**Next message:**WXR_at_Anacomp-ENG1@anacomp.com: "unscribe"**Previous message:**John Clews: "SUBSCRIBING TO THE UNICODE EMAIL LIST"**Next in thread:**Kai Henningsen: "Re: Unicode plain-text encoding of mathematics"**Maybe reply:**Kai Henningsen: "Re: Unicode plain-text encoding of mathematics"**Messages sorted by:**[ date ] [ thread ] [ subject ] [ author ] [ attachment ]**Mail actions:**[ respond to this message ] [ mail a new topic ]

At the 29-sep-95 UTC meeting, we decided that the Unicode plain-text

math notation is tricky enough that it should be discussed by a

subcommittee consisting of interested individuals before being brought

to the UTC as a whole. Mark Davis and I got the ball rolling with the

simple proposal that follows (with a couple of enhancements here and

there :). Other people who have expressed interest are Asmus Freytag

and Lisa Moore. Please let me know if you want to be involved in this

subcommittee. The following is written without built-up formulas so

that it can go through email easily. Unfortunately that makes it

harder to read, so in the future I'd prefer to switch to Microsoft Word

so that we have a way to display built-up formulas.

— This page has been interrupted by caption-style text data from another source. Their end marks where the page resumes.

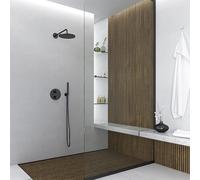 Steinberg 100 douche à effet de pluie 25x25 cm ronde noir 1001686S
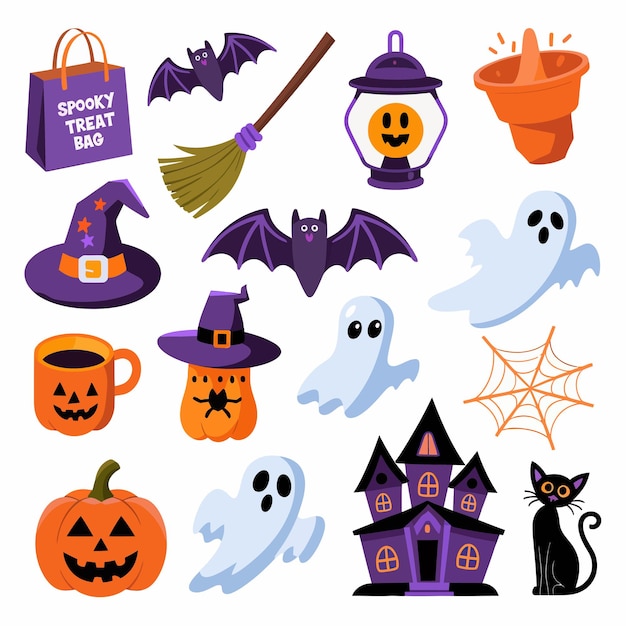 una colección de artículos de Halloween incluyendo espeluznante bruja y bruja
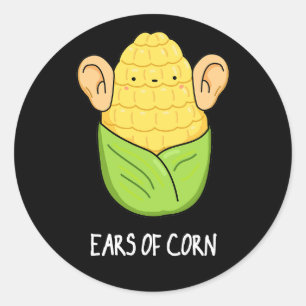 Oorlogen van Corn Funny Corn Pun Dark BG Ronde Sticker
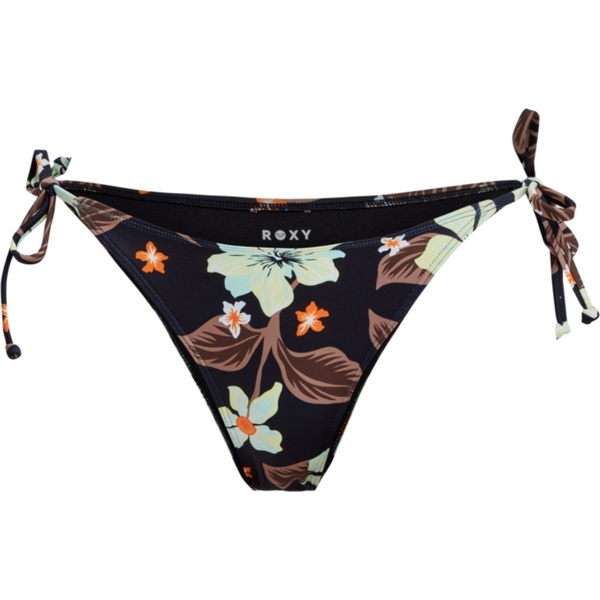 2025 Roxy Femmes PT Beach Classics Moderate Bikini Tie Bottoms ERJX405088 - Anthracite Hibiscus Heat Swim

Simple Unicode Plain-Text Math Notation

A guiding principle governing the choice of Unicode semantics and

special characters is that "plain text must contain enough information

to permit the text to be rendered legibly, nothing more" (p. 10, The

Unicode Standard, Vol. 1). To this end, Mark Davis and I have come up

with an initial step in developing a mathematics encoding scheme. We

add to the Unicode plain-text legibility principle the desires to be as

simple as possible and to look like ordinary mathematics if possible.

In this spirit, we don't pretend to be able to round-trip an arbitrary

mathematical expression through our plain text. For example, TeX has

fancy-text enhancements that go beyond legibility, such as specifying

various sizes of brackets. On the other hand, our proposed notation is

very much like a simple Unicode version of TeX's mathematics notation.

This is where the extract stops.